Thankyou. Just finished freezing up 36 lbs of brockets and 8 lbs of cauliflower. Side shoots on the brockets til freezings-up. All is looking good except the carrots, lot of them have several carrots shoots in stead of one nice one with a type I've grown great ones with for 4 years now. Maybe the new seed.
Good for you. Not the harvest we hoped for as tomatoes got root rot. Corn just fair. here in midwest has not been good for anyone. farmers market more baked goods, than fresh vegs.
Has anybody else in the UK planted leeks this year? I plant them most years, but I have been really pleased with the results so far this year (Onions in the same patch are doing well too)
Not bad for a volunteer in an untended pile. I love the mystery, "Is it acorn, butternut or spaghetti?"
I live in a condo so me growing a garden is impossible but i should really find something creative to do with the porch
Just wrapping up harvesting mine with digging about 80 lbs of potatoes. Seemed like things were slow growing this year but had to buy another freezer for carrots, beets and kale plusmput up a 3rd line in the basement to hang my onions from so I shouldn't have to make many trips to the store this winter. Also have plenty of sockeye salmon, caribou and moose for meats. Still gotta puts some fish bone meal on the beds, till them up and water down before it drops below freezing with no return soon, like midway through next week.

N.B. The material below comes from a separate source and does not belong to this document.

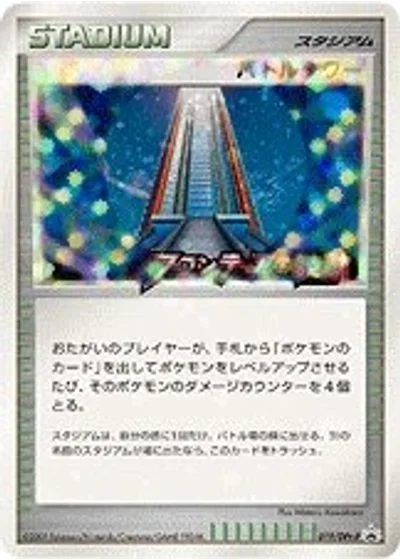 Battle Tower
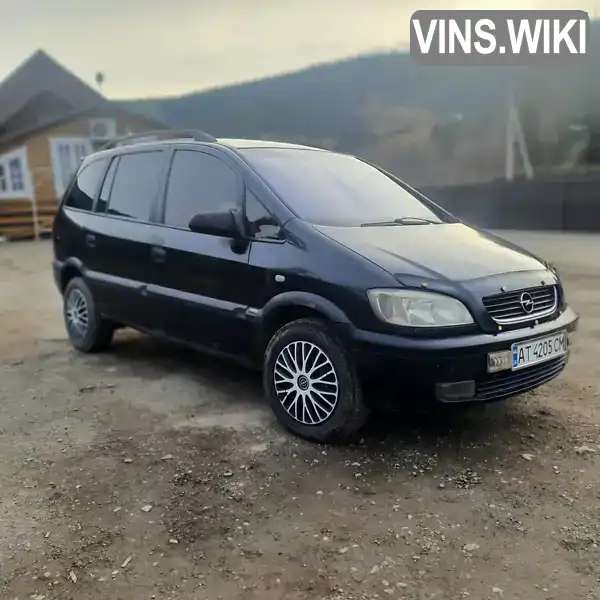 Opel Zafira 2002, фото з оголошення 1 з 8, VIN W0L0TGF7522237656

Will do, maybe by then the melons will be doing something but it's been over 100f in the day for longer than I recall so nothing is moving very fast. Next few weeks we should be down to the 90' fingers crossed. @AstroShark look into vertical gardens. They even sell 4'×8' wall panels with planters molded into them.
I always grow my own dry beans each year, and it is once again time for that harvest. Two 40-foot rows of tepary beans provides enough for burritos all year. I grow both black and brown tepary beans, which are smaller than pintos, but grow better in the Sonoran Desert. Some of the pods are starting spontaneously shatter on sunny days, so I pick pods early in the morning each day.
Thinking if I can cover the plant in straw maybe I can stave off the frost till late November hopefully.